# AVM Fritzbox 3270 - Fastpath erzwingen (kein Telnet)



## mcmarky (19. Februar 2014)

Hallo!

Habe momentan noch nicht die aktuelle Firmware auf dem Router, da ich eben über den FBEditor Fastpath im Downstream eingestellt habe (DSL-RAM2000). Bei den neueren Firmwares funktioniert der FBEditor nicht mehr richtig, die Einstellungen werden nicht abgespeichert. 

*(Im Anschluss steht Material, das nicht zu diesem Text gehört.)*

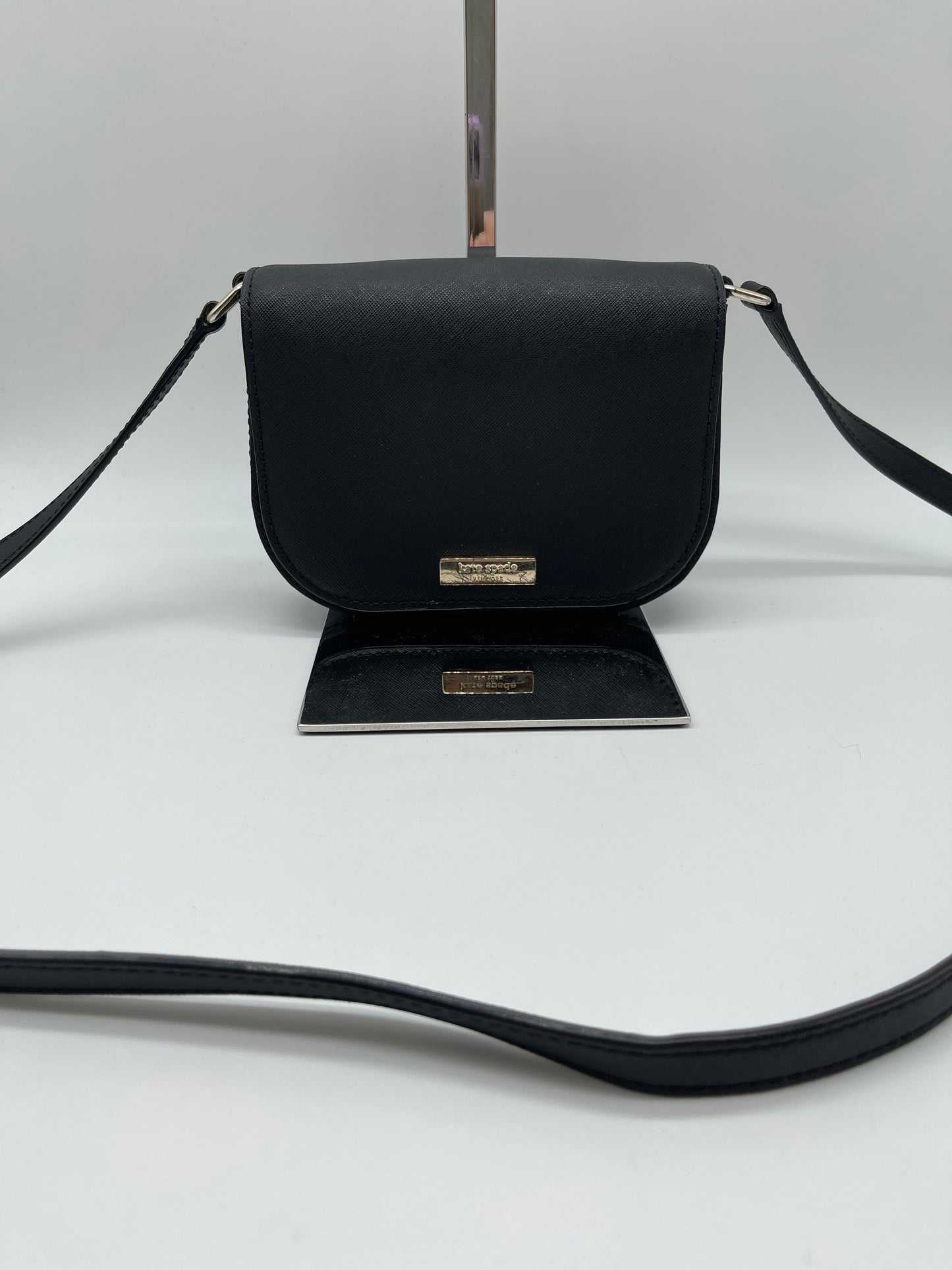 Crossbody Designer By Kate Spade  Size: Small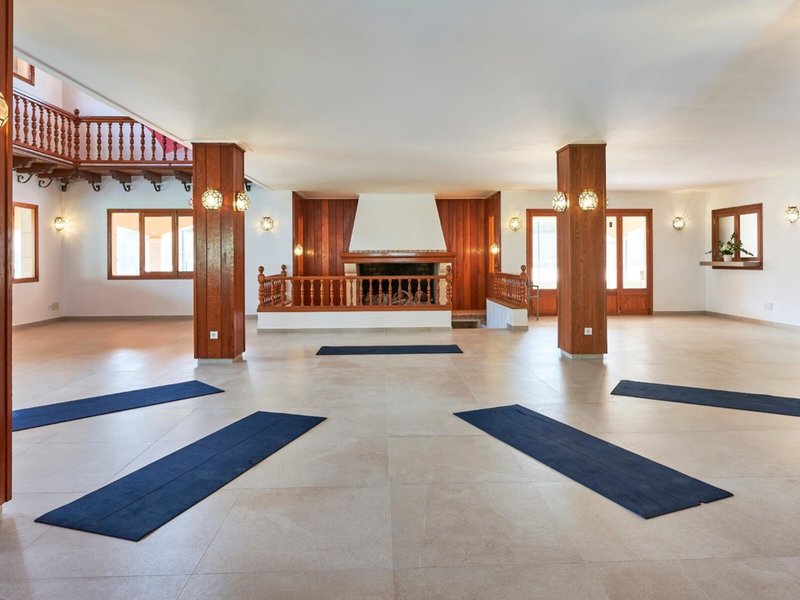 Hotel & Spa S'Entrador Playa  36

Gibt es eine Möglichkeit, auch bei neuer Firmware Fastpath wieder über die Box zu erzwingen, evtl. über Telnet? Die 3270 hat leider kein Telefon. Letztes Jahr war ja mal ein Artikel dazu im Heft, aber leider nicht für ne 3270.


----------



## Chemenu (19. Februar 2014)

Du kannst die Konfiguration der Fritzbox auch sichern und die Export-Datei mit einem Editor bearbeiten. 
Allerdings bin ich nicht sicher ob beim Import der Konfiguration einer älteren Firmware gewisse Werte überschrieben bzw. ignoriert werden.


----------



## mcmarky (19. Februar 2014)

Ich hatte dies schon mal versucht, aber darin sind wohl nicht alle Einstelllungen wie "Controlbitfield" gespeichert bzw. werden übernommen.


----------



## Chemenu (19. Februar 2014)

Hier findest Du eine Anleitung für Telnet Zugriff:
http://extreme.pcgameshardware.de/i...ng-oder-wie-hole-ich-einfach-mehr-heraus.html

Vielleicht klappt's damit.


----------



## mcmarky (19. Februar 2014)

Werde es heute Abend mal mit dem Pseudo-Update versuchen.


----------



## mcmarky (20. Februar 2014)

Mit dem Pseudo-Update bin ich weitergekommen, habe mit dem ruKernelTool den Controlbitfield auf 2 gesetzt und abgespeichert. Danach die Fritzbox neugestartet, aber leider wird die ar7.cfg beim Neustart überschrieben. Der Wert steht wieder bei "0".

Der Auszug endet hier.